There are 132 trials in the .txt file, hence we expect 132 corresponding events for the presentation log and the EMG.

prestxt_task = readtable('sub-POM1FM0023671/beh/sub-POM1FM0023671_task-motor_acq-txt_events.tsv', 'FileType', 'Text', 'Delimiter', '\t');
preslog_task = readtable('sub-POM1FM0023671/beh/sub-POM1FM0023671_task-motor_acq-log_events.tsv', 'FileType', 'Text', 'Delimiter', '\t');
emg_task = readtable('sub-POM1FM0023671/emg/sub-POM1FM0023671_task-motor_events.tsv', 'FileType', 'Text', 'Delimiter', '\t');

The following code shows each event value of the presentation .log file, and how often it occurs:

[c, ia, ic] = unique(preslog_task.value);

for i=1:numel(c)
  disp([c(i) sum(ic==i)]);
end

1    32
2    33
3    33
4    25
5     1
6     5
7     2
8   132
9   132
10  595

It reveals that value 8 and 9 both happen 132 times. It also shows 595 occurrences for value 10, which probably corresponds to the triggers of the functional MRI scan. This is something we could again check using ft_read_mri.

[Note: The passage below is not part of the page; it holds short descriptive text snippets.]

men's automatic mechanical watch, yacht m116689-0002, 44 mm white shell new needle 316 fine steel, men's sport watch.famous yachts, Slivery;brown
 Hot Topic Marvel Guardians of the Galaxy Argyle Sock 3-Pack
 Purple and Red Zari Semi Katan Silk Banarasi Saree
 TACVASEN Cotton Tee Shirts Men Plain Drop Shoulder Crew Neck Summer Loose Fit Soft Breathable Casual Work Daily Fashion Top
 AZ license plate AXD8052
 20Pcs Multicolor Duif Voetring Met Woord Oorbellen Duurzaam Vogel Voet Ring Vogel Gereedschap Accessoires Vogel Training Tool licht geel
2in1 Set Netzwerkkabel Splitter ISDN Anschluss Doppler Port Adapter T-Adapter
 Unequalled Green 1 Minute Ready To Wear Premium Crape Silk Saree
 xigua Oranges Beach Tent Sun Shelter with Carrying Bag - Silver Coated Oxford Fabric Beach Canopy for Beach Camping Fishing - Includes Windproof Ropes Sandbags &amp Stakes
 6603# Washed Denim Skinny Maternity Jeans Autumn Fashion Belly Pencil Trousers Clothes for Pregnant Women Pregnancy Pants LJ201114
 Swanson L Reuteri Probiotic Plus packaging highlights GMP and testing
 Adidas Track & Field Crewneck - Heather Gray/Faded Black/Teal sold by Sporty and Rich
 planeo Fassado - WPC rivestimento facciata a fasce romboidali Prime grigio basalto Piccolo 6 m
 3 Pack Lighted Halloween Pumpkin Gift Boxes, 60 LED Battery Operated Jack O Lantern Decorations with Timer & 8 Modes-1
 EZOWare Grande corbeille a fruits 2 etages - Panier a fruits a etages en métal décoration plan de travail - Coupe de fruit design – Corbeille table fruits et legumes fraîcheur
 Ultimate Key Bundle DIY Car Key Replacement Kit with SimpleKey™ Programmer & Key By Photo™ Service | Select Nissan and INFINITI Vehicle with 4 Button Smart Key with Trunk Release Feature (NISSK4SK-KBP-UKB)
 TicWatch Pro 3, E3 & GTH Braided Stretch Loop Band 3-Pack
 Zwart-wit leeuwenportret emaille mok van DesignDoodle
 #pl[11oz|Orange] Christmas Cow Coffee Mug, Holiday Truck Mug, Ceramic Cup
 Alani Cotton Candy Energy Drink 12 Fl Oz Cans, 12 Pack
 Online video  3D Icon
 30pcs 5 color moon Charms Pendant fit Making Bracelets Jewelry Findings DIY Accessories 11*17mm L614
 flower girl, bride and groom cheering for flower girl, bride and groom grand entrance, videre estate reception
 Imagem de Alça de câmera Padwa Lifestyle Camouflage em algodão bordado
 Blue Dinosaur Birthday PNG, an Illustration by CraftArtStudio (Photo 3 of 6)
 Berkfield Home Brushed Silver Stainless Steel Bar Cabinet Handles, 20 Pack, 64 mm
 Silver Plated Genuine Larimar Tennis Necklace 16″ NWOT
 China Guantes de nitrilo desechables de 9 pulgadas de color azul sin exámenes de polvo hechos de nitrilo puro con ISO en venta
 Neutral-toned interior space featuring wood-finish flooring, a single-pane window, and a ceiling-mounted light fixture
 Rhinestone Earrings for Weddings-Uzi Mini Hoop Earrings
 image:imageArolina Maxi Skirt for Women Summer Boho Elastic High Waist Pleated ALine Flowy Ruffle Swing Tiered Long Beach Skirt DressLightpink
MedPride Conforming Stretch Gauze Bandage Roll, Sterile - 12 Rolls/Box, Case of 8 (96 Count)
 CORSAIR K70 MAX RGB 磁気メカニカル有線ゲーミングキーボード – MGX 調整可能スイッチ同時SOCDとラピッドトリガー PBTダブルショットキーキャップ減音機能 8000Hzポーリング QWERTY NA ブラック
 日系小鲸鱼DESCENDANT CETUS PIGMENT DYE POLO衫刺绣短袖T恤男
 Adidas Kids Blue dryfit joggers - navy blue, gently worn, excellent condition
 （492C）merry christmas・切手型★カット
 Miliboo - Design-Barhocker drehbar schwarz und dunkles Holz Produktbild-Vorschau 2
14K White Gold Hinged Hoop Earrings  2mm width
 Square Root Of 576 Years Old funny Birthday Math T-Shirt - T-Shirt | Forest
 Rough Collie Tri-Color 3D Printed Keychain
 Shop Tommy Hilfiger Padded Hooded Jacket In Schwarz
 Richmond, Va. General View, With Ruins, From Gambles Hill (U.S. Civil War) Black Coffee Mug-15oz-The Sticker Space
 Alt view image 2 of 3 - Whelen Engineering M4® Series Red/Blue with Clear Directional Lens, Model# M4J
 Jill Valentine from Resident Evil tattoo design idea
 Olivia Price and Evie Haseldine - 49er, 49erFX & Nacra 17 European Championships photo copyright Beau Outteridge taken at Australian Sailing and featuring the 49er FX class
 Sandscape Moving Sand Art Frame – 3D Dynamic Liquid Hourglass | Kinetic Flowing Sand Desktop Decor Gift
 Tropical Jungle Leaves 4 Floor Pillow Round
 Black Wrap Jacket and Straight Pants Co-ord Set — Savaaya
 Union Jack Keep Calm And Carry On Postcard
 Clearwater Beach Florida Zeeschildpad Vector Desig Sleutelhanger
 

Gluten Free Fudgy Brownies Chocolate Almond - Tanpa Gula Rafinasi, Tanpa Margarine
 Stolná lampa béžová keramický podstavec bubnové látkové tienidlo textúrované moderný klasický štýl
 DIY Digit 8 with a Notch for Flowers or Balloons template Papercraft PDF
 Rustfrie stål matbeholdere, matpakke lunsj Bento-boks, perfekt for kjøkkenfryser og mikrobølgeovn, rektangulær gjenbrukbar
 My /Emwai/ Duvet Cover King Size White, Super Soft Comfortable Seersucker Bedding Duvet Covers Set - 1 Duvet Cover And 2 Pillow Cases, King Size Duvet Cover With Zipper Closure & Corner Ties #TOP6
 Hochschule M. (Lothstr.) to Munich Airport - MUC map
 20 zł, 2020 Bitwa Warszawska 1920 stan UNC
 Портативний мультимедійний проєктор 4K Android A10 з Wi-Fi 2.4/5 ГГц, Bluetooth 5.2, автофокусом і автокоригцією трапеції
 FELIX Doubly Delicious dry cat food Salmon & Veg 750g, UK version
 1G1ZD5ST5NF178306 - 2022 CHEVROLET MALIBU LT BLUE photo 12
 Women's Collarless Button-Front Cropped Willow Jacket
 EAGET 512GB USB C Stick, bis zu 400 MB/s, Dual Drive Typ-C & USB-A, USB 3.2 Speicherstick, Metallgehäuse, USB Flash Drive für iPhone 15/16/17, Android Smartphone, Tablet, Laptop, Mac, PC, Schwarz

The first trial in the presentation .txt file is specified to be at 83.307391 seconds. The first "Picture 8" in the presentation log file is at 83.3074 seconds, which is nearly the same. It also matches that there are 132 "Picture 8" events. Hence the time of the presentation .log and .txt files is the same, which could have been expected since both are written by the same software on the same computer. The corresponding entry in the _scans.tsv file should therefore become '1900-01-01T19:10:03.769'.

Final _scans.tsv file

Combining the timing of all datasets, we end up with the following updated _scans.tsv file.

filename acq_time
anat/sub-POM1FM0023671_acq-MPRAGE_rec-norm_run-1_T1w.nii.gz 1900-01-01T18:50:23
func/sub-POM1FM0023671_task-rest_acq-MB8_run-1_bold.nii.gz 1900-01-01T18:57:57
func/sub-POM1FM0023671_task-motor_acq-MB6_run-1_bold.nii.gz 1900-01-01T19:11:18
emg/sub-POM1FM0023671_task-rest_emg.vhdr 1900-01-01T18:57:42.425
emg/sub-POM1FM0023671_task-motor_emg.vhdr 1900-01-01T19:11:02.205
beh/sub-POM1FM0023671_task-prac_acq-txt_events.tsv n/a
beh/sub-POM1FM0023671_task-rest_acq-smi_eyetracker.tsv 1900-01-01T18:57:44.020
beh/sub-POM1FM0023671_task-motor_acq-log_events.tsv 1900-01-01T19:11:04.580
beh/sub-POM1FM0023671_task-motor_acq-txt_events.tsv 1900-01-01T19:10:03.769
beh/sub-POM1FM0023671_task-motor_acq-smi_eyetracker.tsv 1900-01-01T19:10:03.769

The MRI scans are specified with a 1-second precision. All subsequent measurements are more precise (millisecond accuracy) and therefore described also using fractional seconds.

The only one that remains unknown is the presentation .txt file that was recorded during the practice task. This was done while no other recording equipment was running, so we cannot determine the relative time to the other datasets.